[2024-patches] invalid MCTruth information when using production.hlt2

cc @sesen for comment, not sure how this affects plans for centralised Hlt2 MC processing.

Context

@mengzhen noticed lhcb-datapkg/AnalysisProductions!1111 (comment 8304649) that the Jpsi_TRUEID variable was surprisingly zero in many cases when following the suggestion from Example AP's 24c2 options. (These options are themselves based on the Moore docs and were updated following !3620 (merged)).
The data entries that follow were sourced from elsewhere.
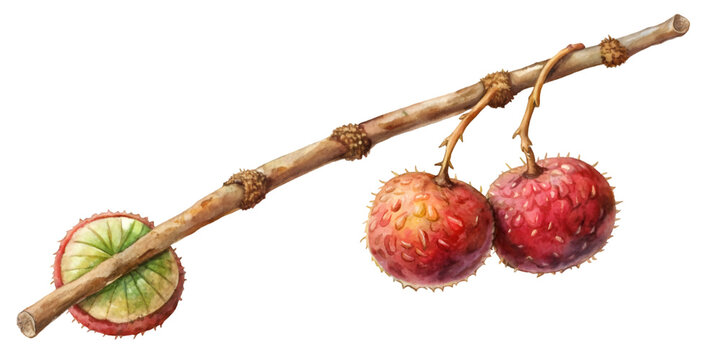 Branch with Marang Isolated on Transparent Background, Perfect for Botanical Illustrations and Culinary Design Projects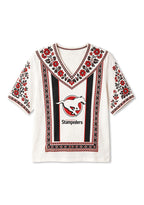 Boho Floral Border Calgary Stampeders V-Neck Blouse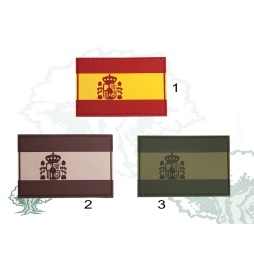 Parche bandera España con escudo med. 5,5 x3,5 cm. Árida.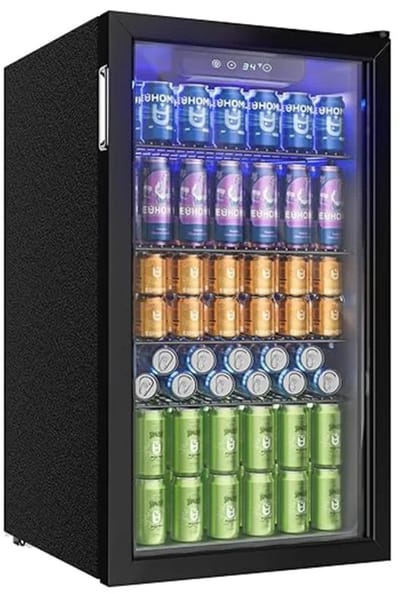 Rolu Mini Koelkast – Blikjes Koeler – 90 Liter – 126 Blikjes - Luchtgekoeld 0 °C Tot 16 °C – Glazen Deur – LED Verlichting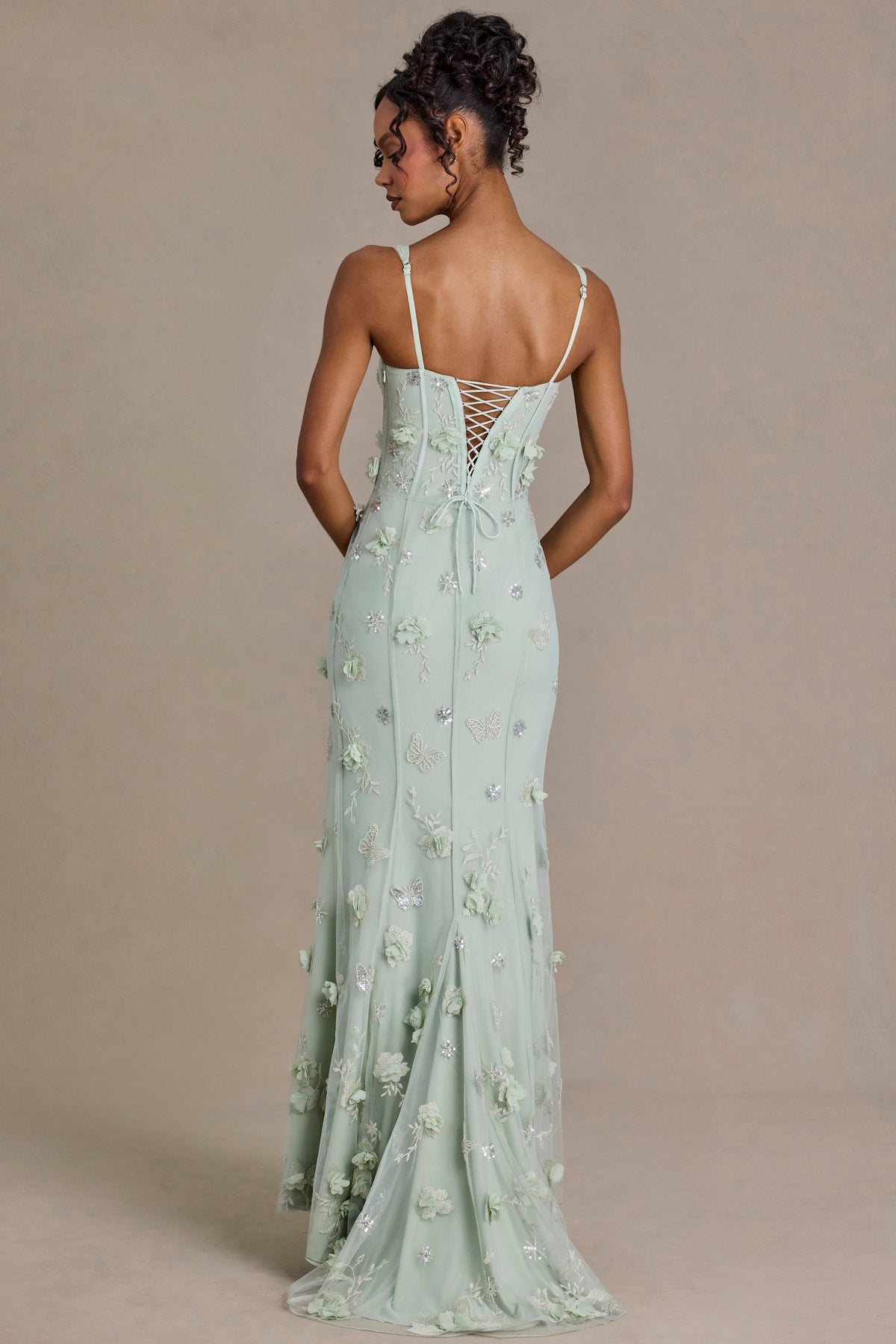 Embellished Corset Gown in Sage Green – view 2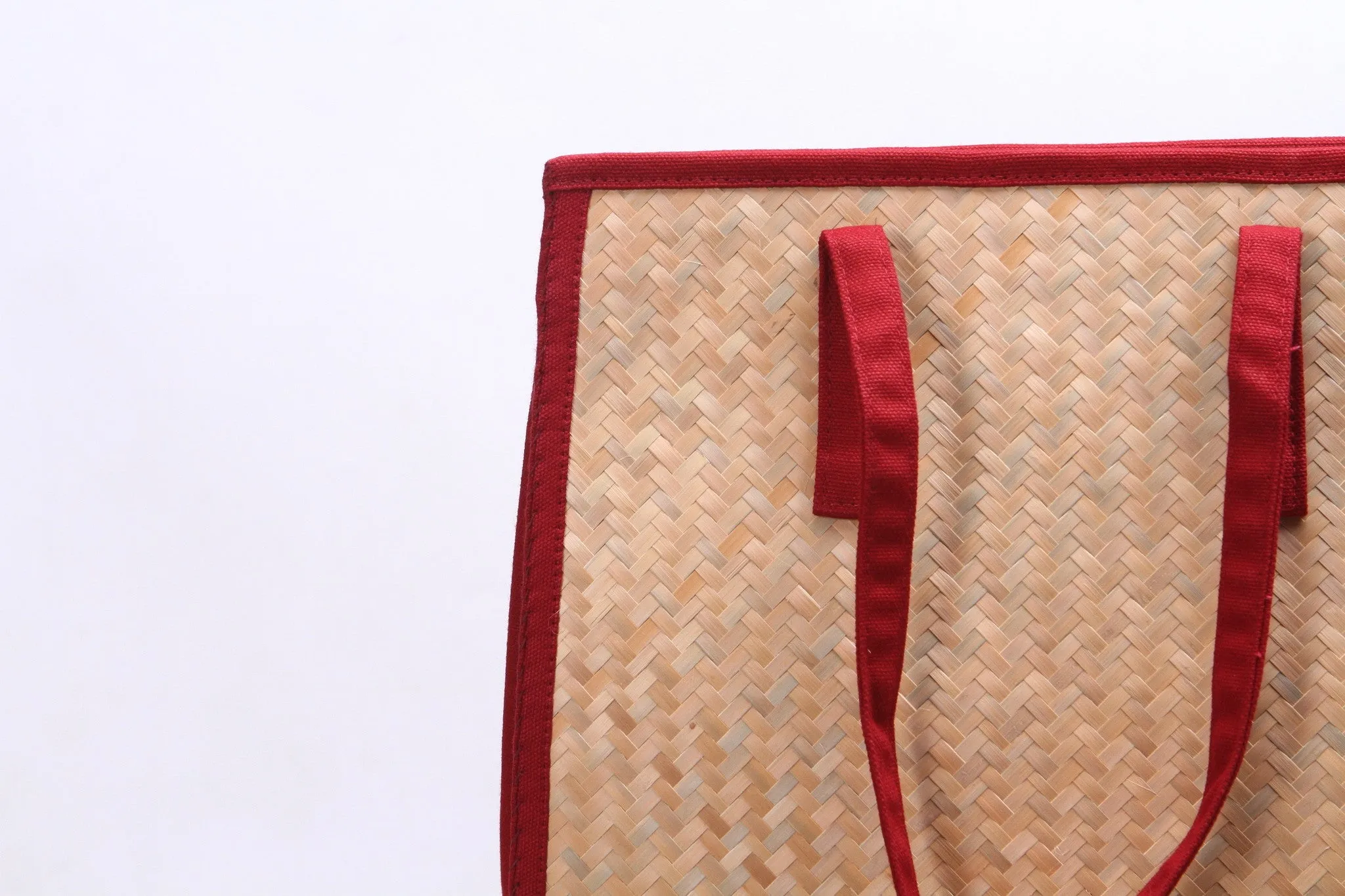 Nattira - Reed Handwoven Tote Bag (Red)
I spent some time locally reproducing the result and narrowed down the issue to the Hlt2 configuration (i.e. MC->HLT2->Tuple recreates the issue). Specifically it seems to be caused by using production.hlt2 rather than Moore.run_moore.

Moore/v55r11 and DaVinci/v64r8 was used, but I did a quick cross-check with Moore/v55r11p3 had no noticeable effect.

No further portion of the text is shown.